= Corruption in Senegal =

Corruption in Senegal remains a major concern for the nation. On Transparency International's 2025 Corruption Perceptions Index, Senegal scored 46 on a scale from 0 ("highly corrupt") to 100 ("very clean"). When ranked by score, Senegal ranked 65th among the 182 countries in the Index, where the country ranked first is perceived to have the most honest public sector. For comparison with regional scores, the best score among sub-Saharan African countries (Note: Angola, Benin, Botswana, Burkina Faso, Burundi, Cameroon, Cape Verde, Central African Republic, Chad, Comoros, Côte d'Ivoire, Democratic Republic of the Congo, Djibouti, Equatorial Guinea, Eritrea, Eswatini, Ethiopia, Gabon, Gambia, Ghana, Guinea, Guinea-Bissau, Kenya, Lesotho, Liberia, Madagascar, Malawi, Mali, Mauritania, Mauritius, Mozambique, Namibia, Niger, Nigeria, Republic of the Congo, Rwanda, Sao Tome and Principe, Senegal, Seychelles, Sierra Leone, Somalia, South Africa, South Sudan, Sudan, Tanzania, Togo, Uganda, Zambia, and Zimbabwe.) was 68, the average was 32 and the worst was 9. For comparison with worldwide scores, the best score was 89 (ranked 1), the average was 42, and the worst was 9 (ranked 181, in a two-way tie).
== Corruption under Abdoulaye Wade ==
Abdoulaye Wade came to power in 2000, ending 40 years of rule by the Socialist Party. Initially, his election was seen as a positive change, but his administration became associated with significant corruption:

Abdoulaye Wade was involved in corruption scandals, including allegedly handing a suitcase full of cash to a departing IMF representative. Grand corruption, clientelism, and nepotism were evident during Wade's administration. There were accusations of massive embezzlement and misuse of public funds.

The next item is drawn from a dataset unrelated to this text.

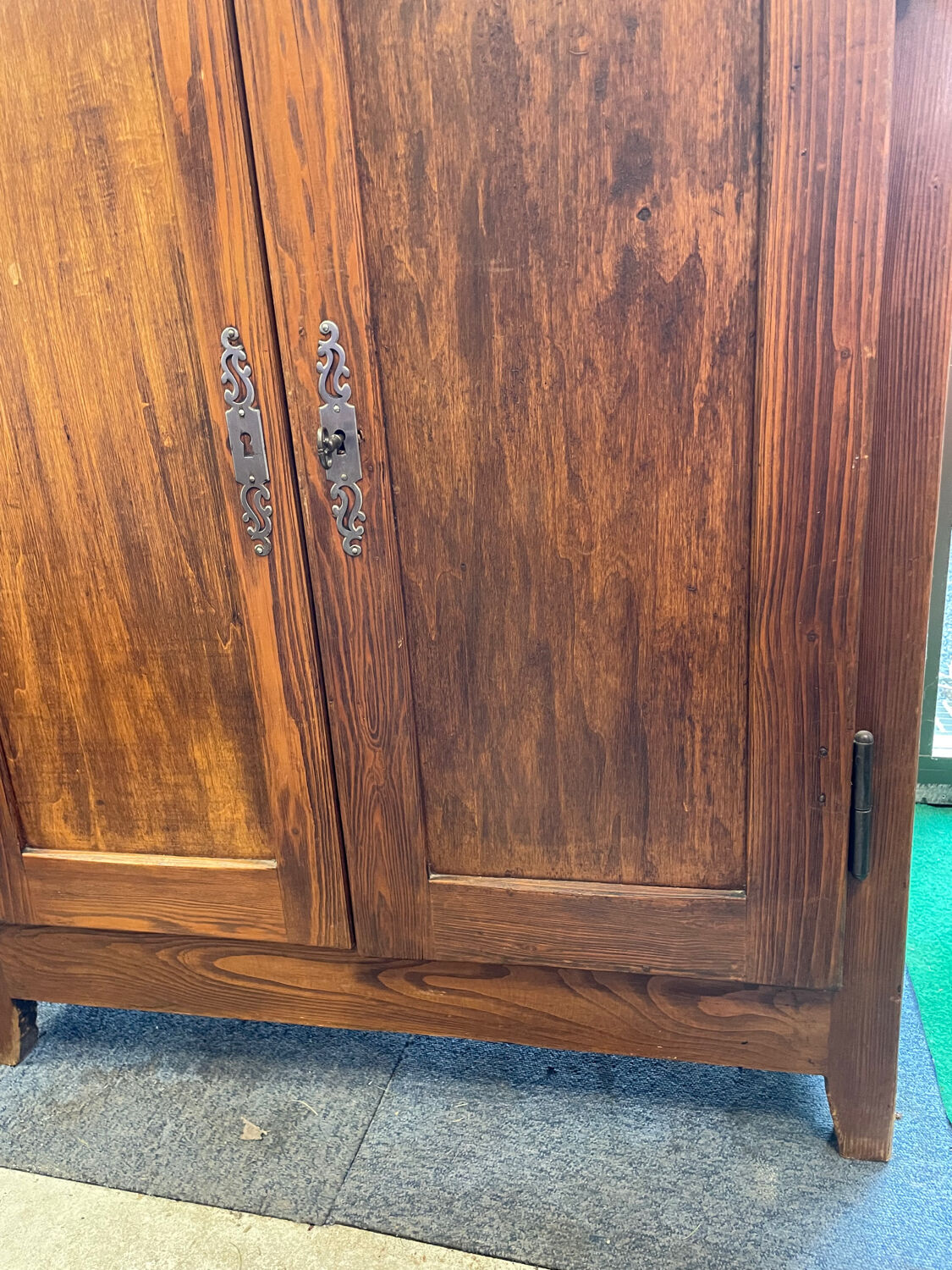 Parisian buffet furniture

Wade's son Karim was given control over major government ministries and projects, leading to allegations of nepotism. Karim gained notoriety for corruption. He was referred to as "Mister 15%" in diplomatic cables, suggesting he took a 15% cut of major government contracts. Eventually, Karim Wade was charged with illegally amassing a fortune of $240 million through embezzlement and corruption. He was prosecuted and sentenced to 6 years in prison with a $228 million fine in 2015.

While Abdoulaye Wade himself has not faced direct legal punishment, his administration's corruption became a focus of investigation under his successor, President Macky Sall.

== Recent Developments ==
Since 2012, under President Macky Sall, Senegal has taken some significant efforts to combat corruption in Senegal, including the establishment of several anti-corruption agencies, such as the Ministry of the Promotion of Good Governance and the reactivated Court of Repression of Economic and Financial Crime. The prosecution of corruption committed by officials has also increased under Sall's administration.
However, petty corruption remains common in daily life and public services. There are concerns that anti-corruption measures have been influenced by political considerations. Furthermore, enforcement of anti-corruption laws remains uneven.

Corruption issues persisted under Sall's administration, as there were allegations of nepotism, with Sall appointing family members to government positions. In addition, Sall's brother was implicated in a corruption scandal related to gas field contracts.